1. Tool – Data Relationship Governance
As you may know, DRG is a module of the DRM product and provides a governance framework for maintaining your DRM master data. DRG includes functionality such as workflows, approvals, email notifications, and separation of duties (to prevent someone from approving his own request). Workflows are often structured around dimension maintenance and may include requests like “Add Account,” “Update Account,” or “Move Account.” The workflow then guides the requester to select tasks and complete fields on a data entry form. Once submitted, the request enters optional enrichment stages where additional detail and context is added to the request before finally being committed and updating the relevant DRM structures.
Here are just a few of the key features in DRG:
- Requests can be entered interactively or via bulk upload files
- Documents (such as supporting request documentation, emails, or policies) can be attached to requests
- Comments/supporting narrative can be included
- Requests can be pushed back to a prior stage, approved, or rejected
- Request can generate email notifications to approvers and/or participants in a workflow requests
- Requests can include validations, calculated fields, and conditional criteria to enter or bypass specific stages in the workflow
While I could go on and on about DRG, I’ve noticed a DRG implementation is most effective when paired with two other components.
2. Process – Data Governance Program
In my experience, DRG implementations are most successful when bundled into a broader data governance program. Data governance programs bring together the Tool (DRG), the People (data stewards, data specialists, data governance council), and the Process (process flows, metrics, and standards).
Key facets to an effective data governance program include:
- Executive sponsorship
- Data Governance Council
- Clear Roles and Responsibilities
- Standards (metrics, definitions, process flows)
- Authority and Accountability
Data governance programs are not easy! The change management aspect to implementing effective data governance cannot be underestimated. There will be natural resistance, pushback, and challenges to any type of change, and data governance initiatives are no exception. Data governance implementations require patience and perseverance, and at times, even a bit of the “carrot and stick” approach. As a result, we have seen the following steps as crucial to getting your data governance program off the ground:
- Define Charter Team and Responsibilities
- Define the Mission Statement
- Define the High-Level Scope
- Define the Terminology and Standards
- Define the Current State Overview
- Define the Future State Vision
- Define the Draft Phased Approach
- Prepare the Project Charter
- Present the Project Charter for Executive Approval
- Ensure Executive Support
While there is much more content to dive into on a data governance program that is beyond the scope of this blog, I hope you appreciate the importance of People and Process in a data governance initiative and do not focus only on the Tool.

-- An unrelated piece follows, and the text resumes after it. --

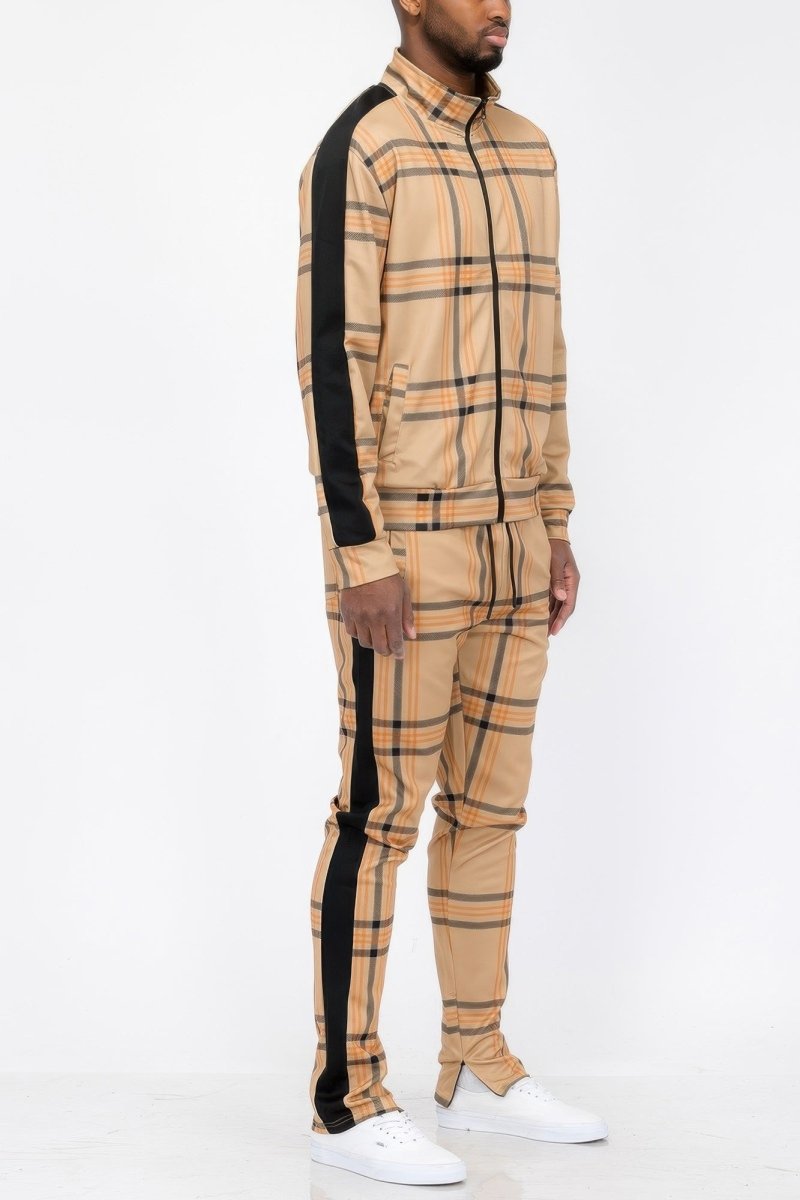 Man wearing a beige checkered outfit with black stripes on a white background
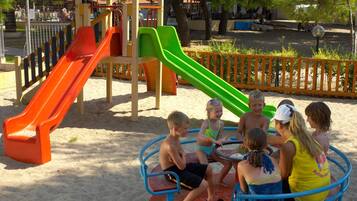 A playground with slides and a merry-go-round.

3. Integration – DRM to External Systems
The third and final component to effective data governance, after the Tool and Process, is integration to external systems. This allows DRM to truly become the master data hub in your company’s eco-system and systematically push master data (which could include trees/hierarchies, base members, mappings, or all of the above) to both upstream and downstream systems.

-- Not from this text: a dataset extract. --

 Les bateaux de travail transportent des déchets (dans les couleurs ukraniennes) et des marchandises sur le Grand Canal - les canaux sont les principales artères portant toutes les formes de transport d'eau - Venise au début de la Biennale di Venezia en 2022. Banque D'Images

By leveraging DRM’s robust integration capabilities and adding in some custom SQL or ETL integration as needed, DRM can produce master data in various forms (flat files, SQL tables, web services, external commits) for consumption by external applications. And these integrations can be run on-demand or scheduled.
So there you have it. Three critical components to effective data governance: a good tool (DRG), a robust process (data governance program), and automated integration (with DRM as the hub).

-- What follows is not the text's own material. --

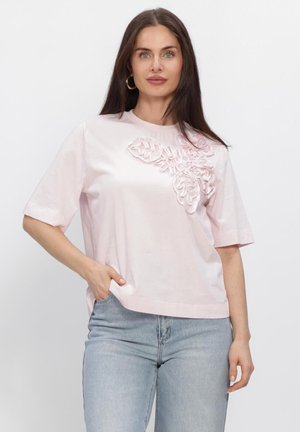 Vrouw met lang donker haar draagt een lichtroze top met korte mouwen en bloemenapplicatie, gecombineerd met lichtblauwe spijkerbroek, staand tegen een effen witte achtergrond.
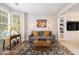 Cozy living room featuring a gray sofa with bright pillows, an elegant rug, and custom built-in shelving at 525 Arbor Creek Ct, Roswell, GA 30076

Are any of these components effective in their own right? Certainly. Each area adds value in its own right and can be implemented standalone. But when all three components are implemented in conjunction, the whole is definitely greater than the sum of the parts. Each component presents its own set of challenges and requires close collaboration with both technical and business personnel at a customer. And executive sponsorship and buy-in is absolutely vital to managing and overcoming the inevitable change management challenges. It ain’t easy, but like the saying goes, nothing worthwhile ever is, right?